After I was rejected at the border I had to stay behind. It was in the middle of the night and very dark. I was desperate, but I could not do anything but stay there at the border. Somebody told me it might be opened again tomorrow, so I slept right there in the fields. It was very cold. When I woke up the next morning the border was still closed so I went back to a camp that is on the Macedonian side. There I met somebody who told me that it will probably stay closed for a long time.
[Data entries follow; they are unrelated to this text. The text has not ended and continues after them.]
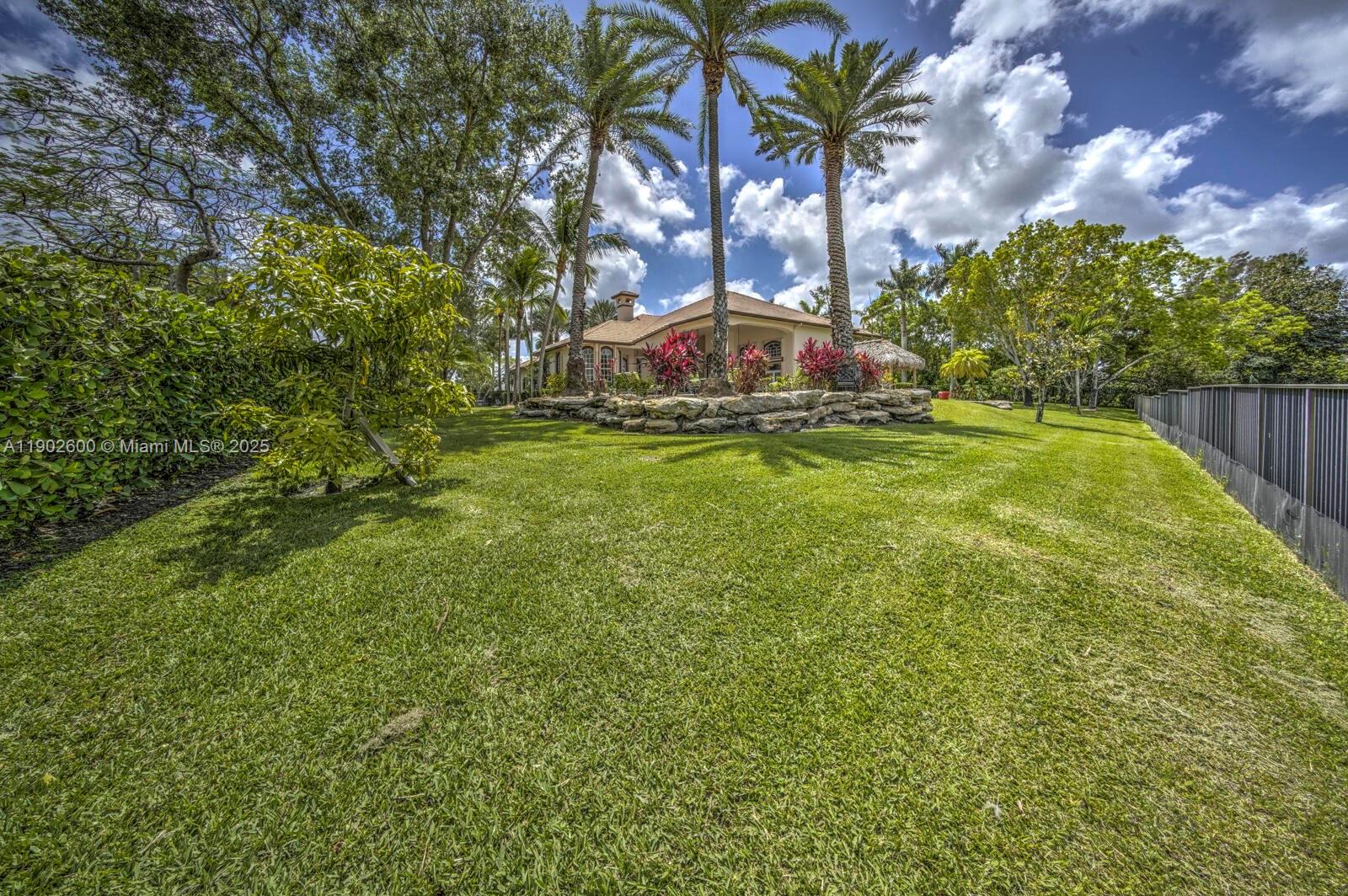 3828 Pine Lk Dr Weston, FL 33332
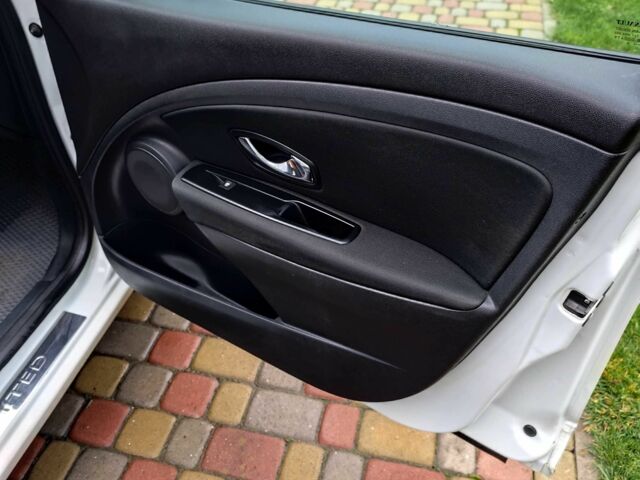 Рено Меган 2016 в Ровно на Automoto.ua Белый Рено Меган, объемом двигателя 1.5 л и пробегом 199 тыс. км за 9800 $, фото 10 на Automoto.ua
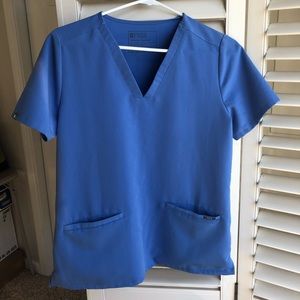 Figs Ceil Blue Casma 3 Pocket Scrub Top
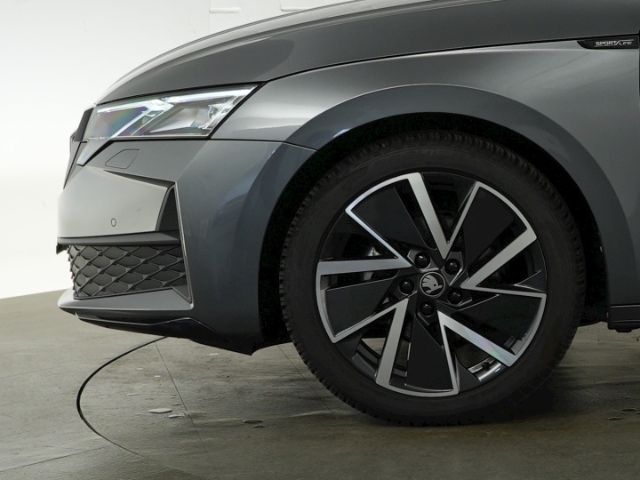Octavia COMBI SPORTLINE TSI DSG+AHK+NAVI+360 GRA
So I decided not to wait any longer but to try to cross the border on my own. I wanted to run past the border police through the fields, next to the railway tracks. I knew it was dangerous, I was playing with my life. But I had no choice. I thought to myself: I will either make it or I will die.But luckily I managed to cross the border and went with all the other people to a village, from where the busses leave. When I reached the registration center (note: in Presevo, approx. 10 km from the border) I was so scared that I felt sick. First I didn’t dare to show my papers to the police at the entrance, but finally I had to present it to them. They said: ‚Oh, you’re from Iran’. And then they sent me away.
I have to stay outside the registration centre, while my family is still inside. I hope that that the mistake in my papers will be corrected and that I will be able to continue my journey. I don’t know yet where we will go. Maybe to Germany, we have some friends there. But I don’t really care where I’ll live; I just want to be in a place where I can live in safety. I want to be a doctor sometime. But first my problems have to end.
Editor’s note: After several days of waiting, the mistake in Sayed’s macedonian registration papers was corrected. As Afghan citizen, he was allowed to be registered in Serbia and could rejoin his family. This was only possible because he took the risk to cross the border illegally.